Tick-Borne
Diseases of Massachusetts, 2000
Tick-Borne
Diseases Of Massachusetts, 2000
An
Update For Health Care Providers
Massachusetts Department of Public Health
Division of Epidemiology and Immunization
February 2000
I. Four tick-borne diseases endemic to coastal Massachusetts:
Human Granulocytic Ehrlichiosis (HGE), Rocky Mountain Spotted
Fever (RMSF), Babesiosis, Tularemia
-
All of
these diseases are of low frequency; all can cause life-threatening
illness.
-
HGE and
babesiosis are transmitted primarily by the tiny deer tick,
Ixodes scapularis.
RMSF is transmitted by the common dog tick, Dermacentor
variabilis.
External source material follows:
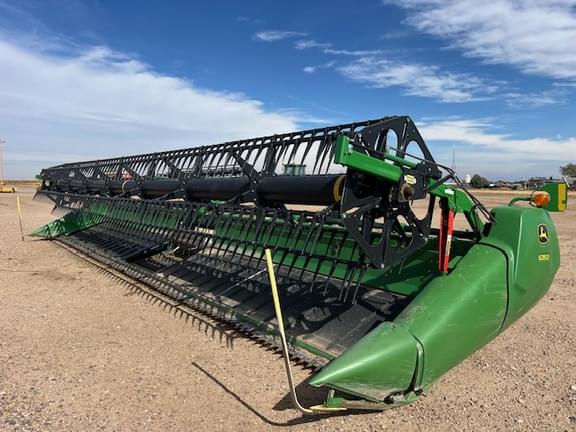 Image of John Deere 635D equipment image 2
Tularemia is transmitted by both.
-
Coinfection
of Ixodes scapularis
with two or more of these human pathogens has been reported
and may be responsible for more severe variants of these tick-borne
diseases.
-
Since
residents from all areas of Massachusetts travel to coastal
Massachusetts, and infected individuals may not show clinical
signs until they have returned to their homes in other parts
of the state, taking a complete travel history is essential
when considering many infectious diseases.
-
The tick
vectors of these infectious agents are widely distributed
throughout the state, and the infections may spread to central
and western parts of Massachusetts, as has happened with Lyme
disease. (Lyme disease is covered under a separate update.)
-
The greatest
risk of infection with any of these agents is from April through
August, when ticks are most active.
II.
Reporting
- Rocky Mountain
spotted fever, babesiosis, and tularemia are reportable by law
to the local board of health or the Massachusetts Department
of Public Health (MDPH).
- Although
human granulocytic ehrlichiosis (HGE) is not yet reportable
by law, to assist us in accurately estimating the prevalence
of this disease, the MDPH encourages direct reporting of this
disease to the MDPH Division of Epidemiology and Immunization
at (617) 983-6800. It is believed that cases of HGE are
currently significantly underestimated.
III.
Summary of clinical symptoms, incidence, and etiology
-
Human
Granulocytic Ehrlichiosis (HGE)
HGE, an
acute febrile illness caused by an agent similar or identical
to the veterinary pathogens Ehrilichia
equi and Ehrilichia
phagocytophila, can be mistaken for a rashless Lyme disease
or babesiosis, especially when associated with a history of
tick attachment. Since its discovery in 1993, over 449 cases
of HGE have been collected by the Centers for Disease Control
and Prevention (CDC). To date, 10 confirmed cases of
HGE have been identified in Massachusetts; the majority of
cases occurred in tick-exposed residents of Cape Cod and the
surrounding islands. Clinical features of HGE include
fever, headache, malaise, myalgia, chills, sweats, nausea,
and vomiting. Cough, arthralgia, confusion, and a macular
or papular rash at any site on the body occur, but are less
common. Laboratory findings commonly include leukopenia,
thrombocytopenia, and elevated liver function tests.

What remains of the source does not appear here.